Atlassian has added an extensible catalog for tracking software components, dubbed Compass, to its portfolio of DevOps tools along with an Atlassian Data Lake and Atlassian Analytics cloud service that makes it simpler to aggregate and query data collected from the company’s portfolio of tools.
In addition, Atlassian is making its Atlas collaboration framework—formerly known as Team Central—formally available in beta. That framework, in effect, provides an overlay through which different collaboration tools adopted by various DevOps teams can be more easily integrated.
Compass provides DevOps teams with the ability to map all the components they use to assemble their software as well as the teams that own them. DevOps teams can access shared components and documentation along with scorecards to allow them to measure and evaluate their architecture based on the baselines, security or compliance requirements they might be required to meet. It can be extended to other applications via an integrated Apps engine using Forge, the existing Atlassian cloud development environment.
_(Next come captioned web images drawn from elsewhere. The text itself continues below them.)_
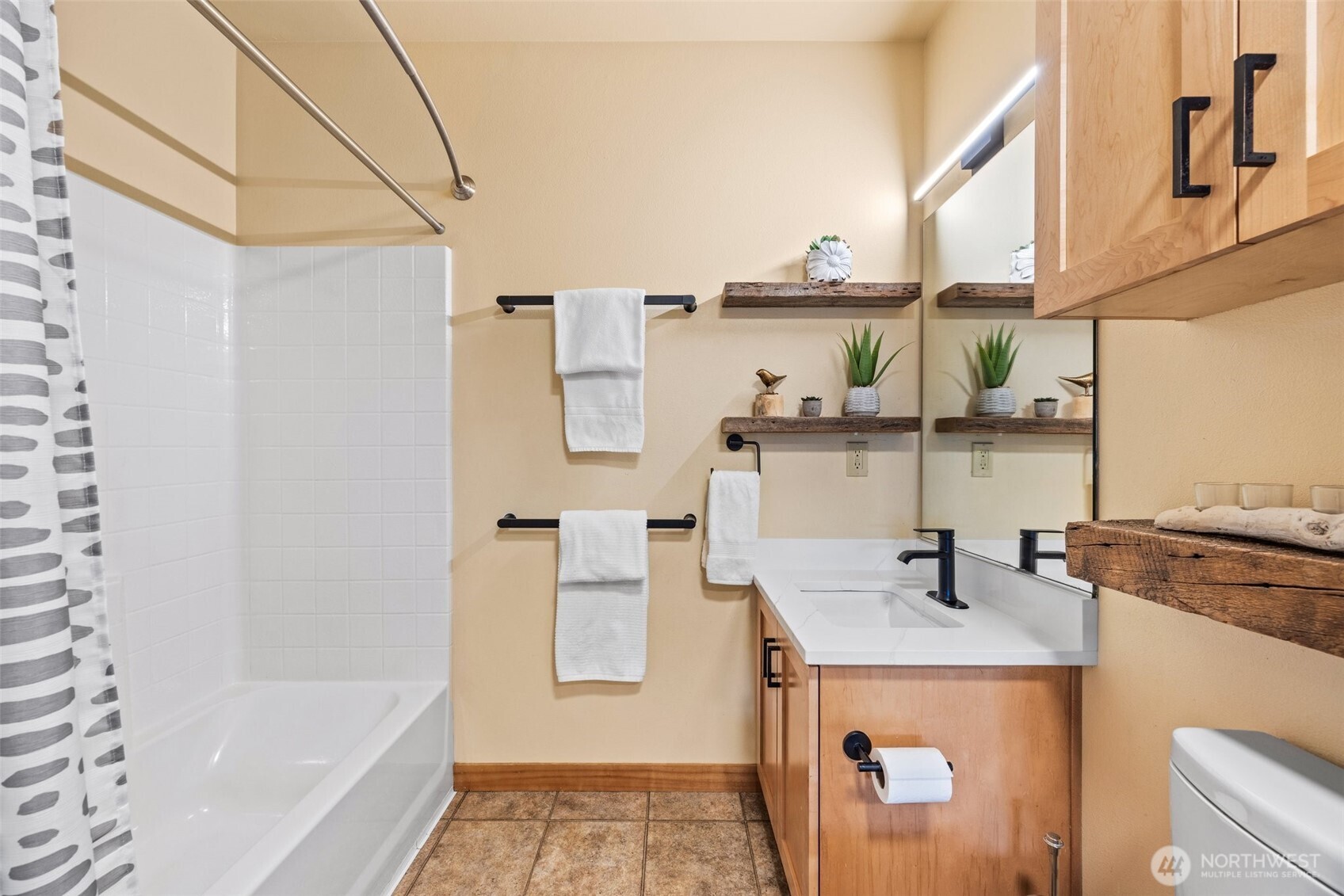 827 Hiawatha Place S #515, Seattle, WA 98144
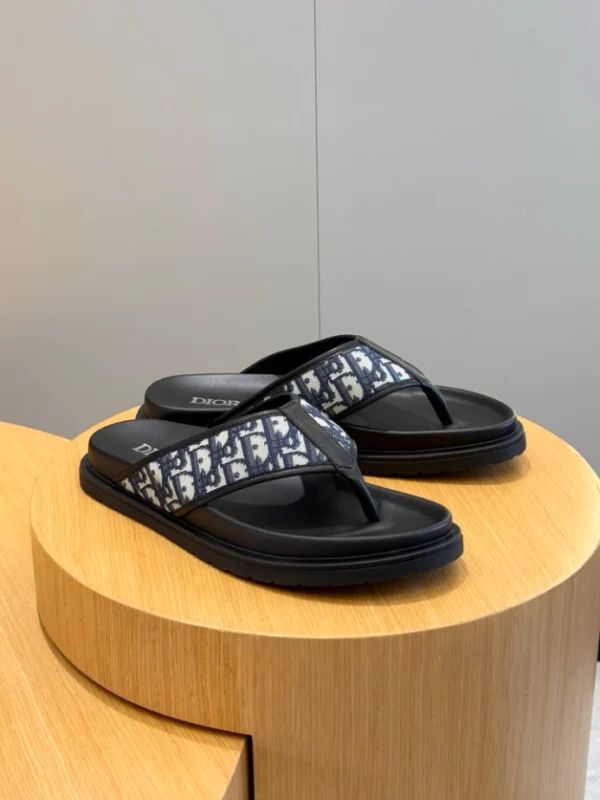 Dior Alias Thong Sandal - D03
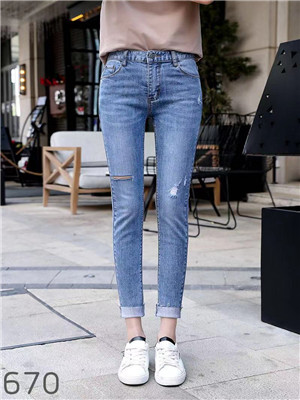 W6753670女牛仔长裤MD
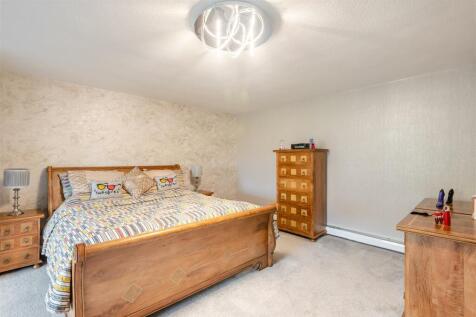 8573874-interior64.jpg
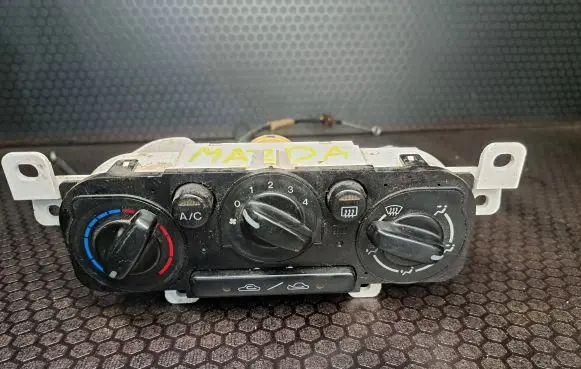 Mazda 323 Climate control unit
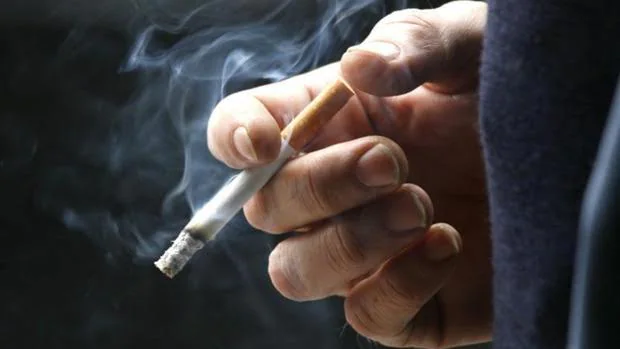 Aviso a los fumadores: las máquinas de tabaco, en servicios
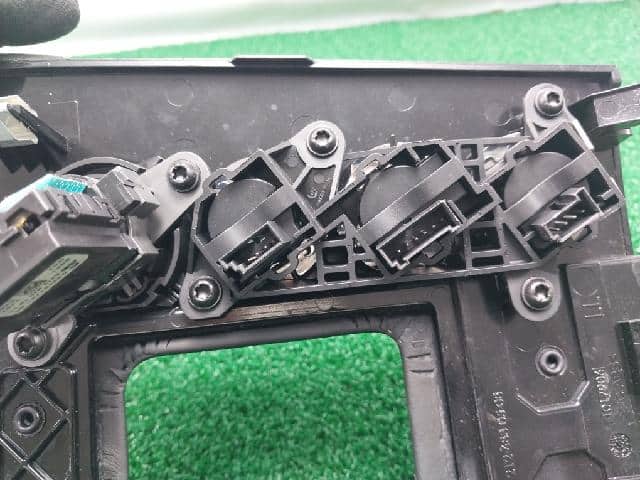 Other MERCEDES-BENZ 2011 A212 680 3408 — photo 4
Tiffany To, head of product for Agile and DevOps at Atlassian, said Compass is designed for DevOps teams that are typically trying to manage 50 or more microservices. It is designed to be deployed alongside the Jira project management software that is widely used by software development teams to manage multiple projects.
Atlassian Analytics, meanwhile, is based on a visualization and analytics platform the company gained last year with the acquisition of Chartio. Initially, the Atlassian Data Lake will include data from Jira Software and Jira Service Management tools with support for additional Atlassian platforms planned.
Collectively, these tools are part of an ongoing Atlassian effort to make it simpler to integrate multiple DevOps teams, said To. Many of those teams prefer to maintain autonomy over the tools they select. The challenge that creates is organizations need some type of overlay through which they can collaborate and share best practices, she said.
A survey of 2,000 developers conducted by Atlassian found half of the respondents exercise strong autonomy over the tools they use, with more control over tool selection gained as developers become more experienced. The same survey also found that 65% of developers felt they should be responsible for more of the software product life cycle than they currently are.
It’s apparent that most organizations building software are trying to strike a balance between developer autonomy and centralized control. Developers are expensive to hire and retain, so there is a natural tendency to make available the tools they prefer. That, however, can lead to a level of tool sprawl that makes it difficult to determine the overall state of application development and deployment within an organization.
Regardless of the approach, the need to remove as much friction as possible from DevOps workflows is clear, especially as the number of simultaneous application development projects continues to multiply. The challenge and the opportunity, of course, is achieving that goal while keeping developers happy.